Online sales of the most expensive luxury products grew by 11% year-over-year in the third quarter compared with 5% for midrange luxury items and 3% for entry-level products, according to data from software company Salesforce Inc. That was the first quarter in two years that there’s been a difference among the three categories.

“We are just starting to see a splintering of demand by price point, which is an indicator that the luxury market is likely the last domino to fall, as it relates to a softening of demand,” said Rob Garf, vice president of retail at Salesforce. The gap grew in October, with online sales of the most expensive luxury products up 10% and the least expensive falling by 9% year-over-year. “We’re anticipating the gap to further increase as we go through the holidays.”

The data appears to bolster the case made by some executives and economists that any U.S. recession is likely to be mild rather than severe. Wealthier shoppers, in some cases, are accelerating their spending. And “aspirational” luxury consumers are still buying – just less.

The lower echelons of Saks’s shoppers – who earn, on average, around $100,000 annually – represented in the “high 30s” as a percentage of the company’s sales in the second quarter, down from a peak of “the low 40s” in 2021, Metrick said. There’s also been a dip in the portion of Saks’s revenue that comes from buy-now-pay-later credit options – to around 6% now from a high of about 8% last year, Metrick added.

Similarly, at online luxury retailer GmbH, the increase in the number of high-end customers and the amount they spend has outpaced that of less wealthy shoppers for the past several quarters.

“The high end of luxury is clearly showing resilience,” said Michael Kliger, CEO of Mytheresa, based in Munich.

There’s also been a slowdown in the growth of new, high-end shoppers at Neiman Marcus Group.

“There is a customer who entered luxury during the pandemic or who participates in luxury from time to time,” CEO Geoffroy van Raemdonck told Bloomberg TV. “We’re seeing a relative decline of the new customers.

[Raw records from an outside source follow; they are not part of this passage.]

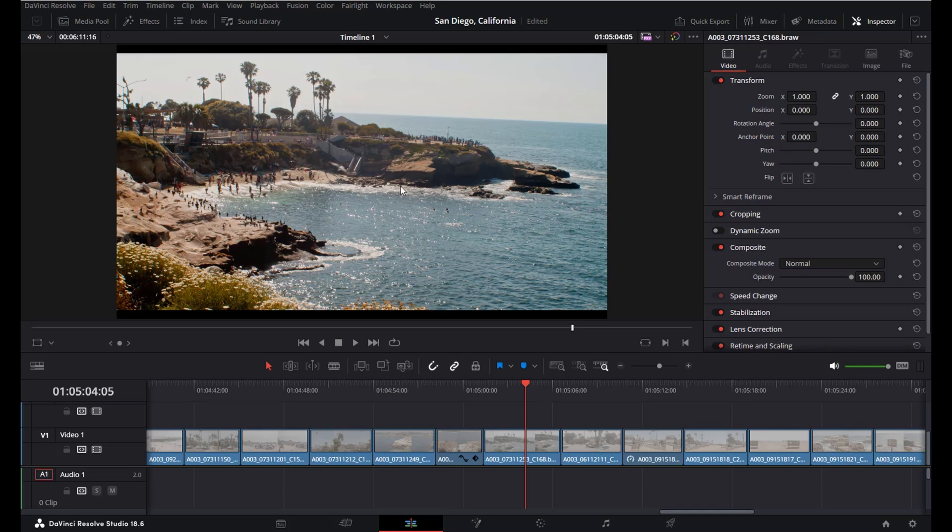Hey guys, what's up? In today's short tutorial I'm going to show you how you can simply add a glow effect to your footage in DaVinci Resolve.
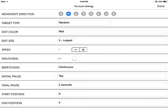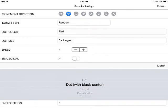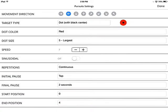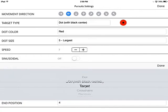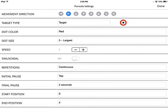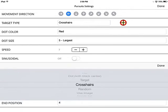The target type is another improvement we've added. You have the choice to select a simple dot, which is what the previous Focus Builder app had, or a dot with a center black dot within it, or a target, or a target with crosshairs — which is really our favorite. It's much easier to maintain focus on with the crosshairs within the dot.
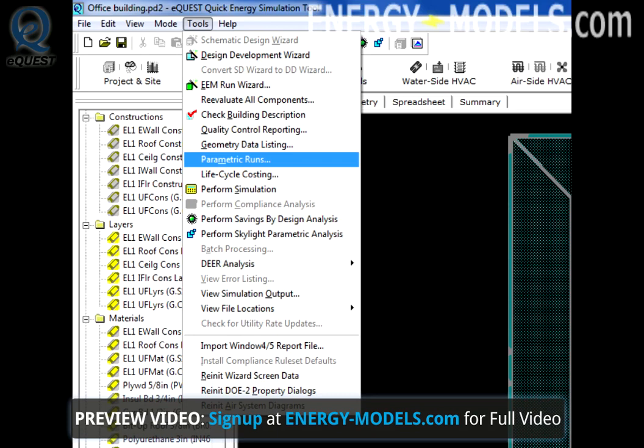In the current version of eQuest, users may compare runs in different files. To access parametric runs, select the Tools menu and Parametric Runs.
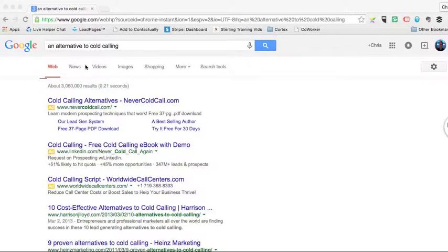people will look in the web, some people look at news, videos, images, and so on and so forth. But what I'm going to focus on is the images.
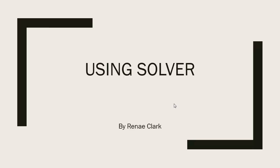Hello and welcome to this video tutorial on using Solver in Microsoft Excel. My name is Renee Clark.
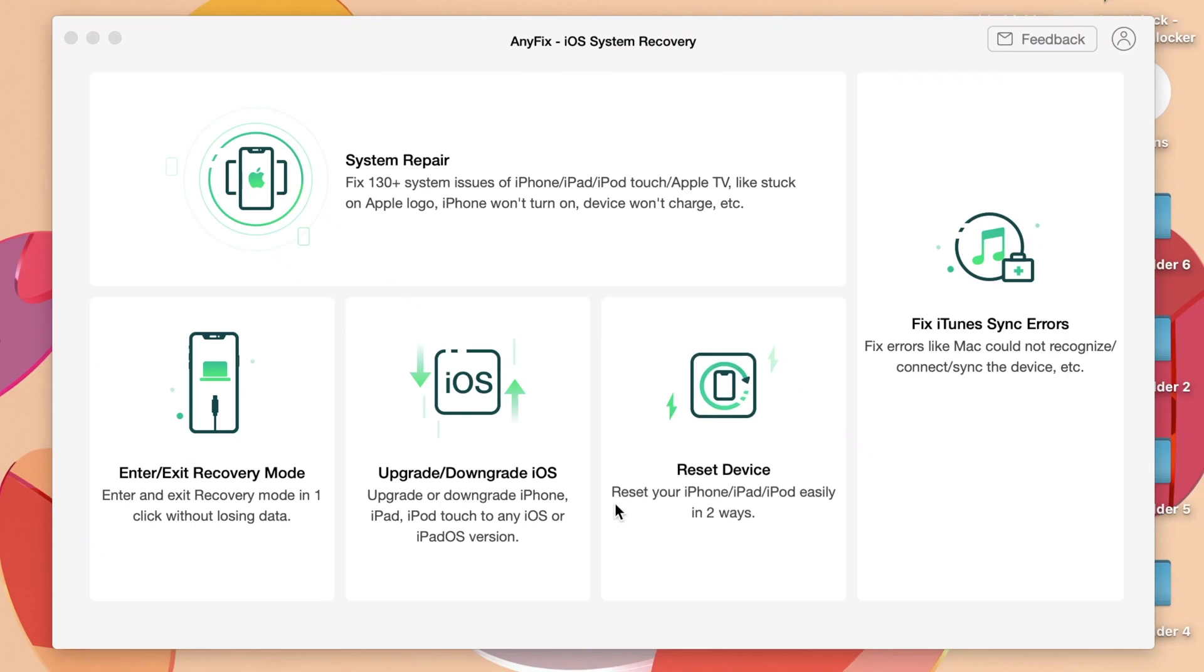AnyFix is a solution for your iPhone. If you have any problem on your iPhone, you can use AnyFix to fix all of those issues. You can enter or exit recovery mode, you can upgrade or downgrade with just one click.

That’s a normalization given that they were up so much over the last two years.”

Mia Di Amico and Samantha Strohmeier, who were both heading into Nordstrom Inc.’s flagship New York store on a recent afternoon, said many of their fellow university students are turning to luxury fakes – also known as “dupes” – to get the look without the price tag.

They get tips from TikTok influencers, who might encourage them to buy on a website such as DHGate, or they head downtown to Canal Street, the women said.

“In years prior, I was spending money pretty carelessly and aimlessly just because I had the luxury to do that,” said the 20-year-old Di Amico, who studies marketing and fashion at LIM College in New York. Now, “all of my basic necessities like food, water – all of that have gone up a lot,” she said. “I don’t have the opportunity to spend money on things that I actually want. Rather, I’m spending money on things I need.”

Some of the customers who are curtailing their purchases at high-end retailers could end up shifting their spending to resale platforms, which offer used luxury items at more accessible price points, said Kristen Gall, president of Rakuten Rewards, which offers cash-back incentives and other deals to online shoppers.

Other luxury consumers might be lured away by the major discounts that many midtier retailers are expected to offer during the holiday season to help them clear excess merchandise. High-end companies “don’t necessarily have inventory issues, but they may have demand issues,” Gall said. “Are they going to be forced to go lower than they would be comfortable with just because the market is doing that?”